I’m assuming Suunto is proud of the battery life because only the Shokz OpenRun Pro headphones can match them — kind of. While they both offer 10 hours of battery life and a quick charge of roughly 1 hour to completely recharge, Suunto provides an additional battery bank that gives another whopping 20 hours of playing time.
And while 10 hours is impressive in theory, I clocked in the time and found that indeed, it went to about 9.5 hours before I heard the low battery alarm warning every 5 minutes. I imagine it could have gone longer if we didn’t have an arctic blast that swept through the Pacific Northwest. If you know you’re going to be out for a while, you can also go to the app to check the battery status.
Fit & Feel
I assumed that any headphones that sat on my jawbone would irritate or cause friction — maybe not right away, but eventually. Nope, not with these. Over 22 hours of wearing these headphones, not once did I feel any discomfort. In fact, when I put these on, I found them so lightweight and secure that I often forgot I was wearing them.
I did notice some shifting while running or jumping, but not enough that made them come off or disrupt them to the point that I could no longer hear my audiobook, which I was impressed by.
Another thing I noticed when I let my partner try these was that the headphones had more points of contact with his ears than mine. And, while these are not adjustable and may fit differently from person to person, he reported they were nonetheless versatile and quite comfy.
Suunto Wing App
The Suunto Wing headphones come with an app, but you don’t have to download it if you don’t want to; they’ll work without it. I was hesitant to download the app, so I used the headphones without it for the first week.
However, I realized I should have. The app is simple to download and register, and once you have it, you have complete command over the headphones, including the red LED light patterns, battery tracking, and performance metrics such as distance, duration, and pace. It also lets you share your location with others.
Room for Improvements
I have almost no complaints about the Suunto Wing headphones, save for the times I had to turn the volume up to the point where I felt the pesky vibration in loud environments. But in my case, that didn’t happen often since I used them primarily on outdoor walks and runs or while doing chores.

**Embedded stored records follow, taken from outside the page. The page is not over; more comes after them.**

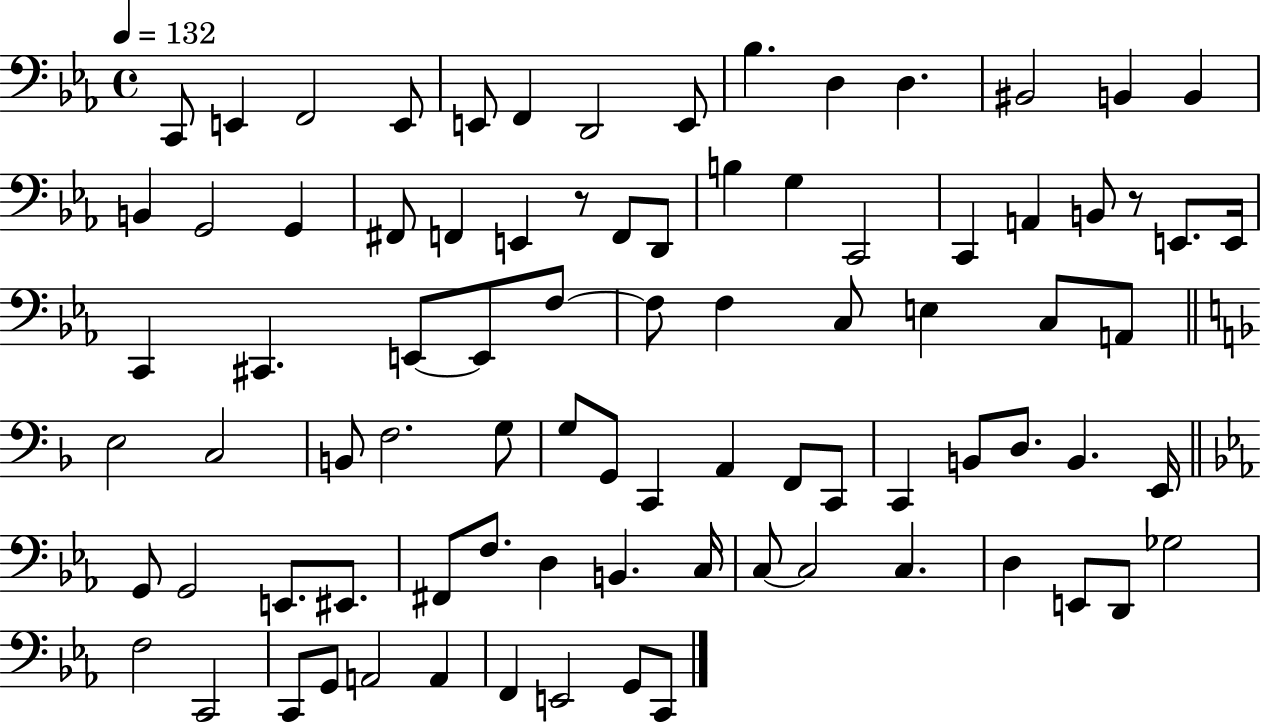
{
  \clef bass
  \time 4/4
  \defaultTimeSignature
  \key ees \major
  \tempo 4 = 132
  c,8 e,4 f,2 e,8 | e,8 f,4 d,2 e,8 | bes4. d4 d4. | bis,2 b,4 b,4 | \break b,4 g,2 g,4 | fis,8 f,4 e,4 r8 f,8 d,8 | b4 g4 c,2 | c,4 a,4 b,8 r8 e,8. e,16 | \break c,4 cis,4. e,8~~ e,8 f8~~ | f8 f4 c8 e4 c8 a,8 | \bar "||" \break \key d \minor e2 c2 | b,8 f2. g8 | g8 g,8 c,4 a,4 f,8 c,8 | c,4 b,8 d8. b,4. e,16 | \break \bar "||" \break \key ees \major g,8 g,2 e,8. eis,8. | fis,8 f8. d4 b,4. c16 | c8~~ c2 c4. | d4 e,8 d,8 ges2 | \break f2 c,2 | c,8 g,8 a,2 a,4 | f,4 e,2 g,8 c,8 | \bar "|."
}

Another thing to note, which is not a complaint but rather an observation, is that the red LED lights only appear to capture people’s attention in very low light conditions. If I were someone who ran at dusk or dawn, I would consider the lights incredibly useful. But since I don’t, I found the lights to have no real use, not even on cloudy, gloomy days.

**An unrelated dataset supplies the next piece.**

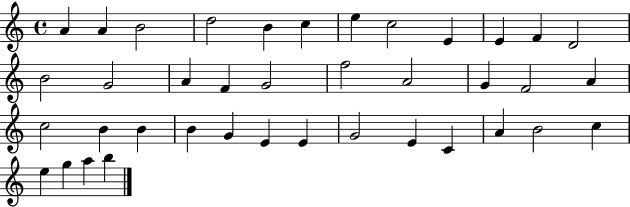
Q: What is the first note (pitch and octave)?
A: A4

Suunto Wing Conclusion: Who Should Buy It
Other headphones on the market range in price from $40 to $160, so with the Suunto Wing costing $199, these are some of the pricier bone conduction headphones on the market. But with all the clever features, I understand why these are considered higher-end headphones.

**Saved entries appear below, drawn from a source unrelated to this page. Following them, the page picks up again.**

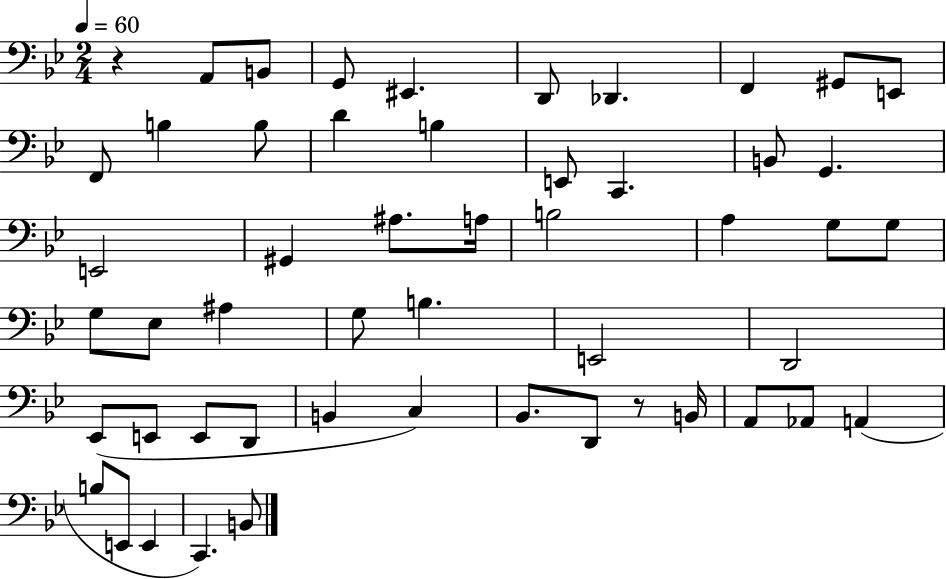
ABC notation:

X:1
T:Untitled
M:2/4
L:1/4
K:Bb
z A,,/2 B,,/2 G,,/2 ^E,, D,,/2 _D,, F,, ^G,,/2 E,,/2 F,,/2 B, B,/2 D B, E,,/2 C,, B,,/2 G,, E,,2 ^G,, ^A,/2 A,/4 B,2 A, G,/2 G,/2 G,/2 _E,/2 ^A, G,/2 B, E,,2 D,,2 _E,,/2 E,,/2 E,,/2 D,,/2 B,, C, _B,,/2 D,,/2 z/2 B,,/4 A,,/2 _A,,/2 A,, B,/2 E,,/2 E,, C,, B,,/2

Thankfully, there is also a newly released version of the Wing that specs out with no power bank, no lights, is IP55 water-resistant (compared to IP67), and $50 cheaper called the Suunto Sonic. Folks aiming for endurance activities should stick with the Wing, but for gym use the Sonic should provide much of the same for less.
No matter what kind of style you’re used to, if you can swing the cost of the Wing, you’re getting a sturdy design, lengthy battery life, a power bank, nearly vibration-free sound, and exceptional comfort. And those who are like me and must wear over-the-ear headphones will rejoice to have another alternative without sacrificing quality. I know I am.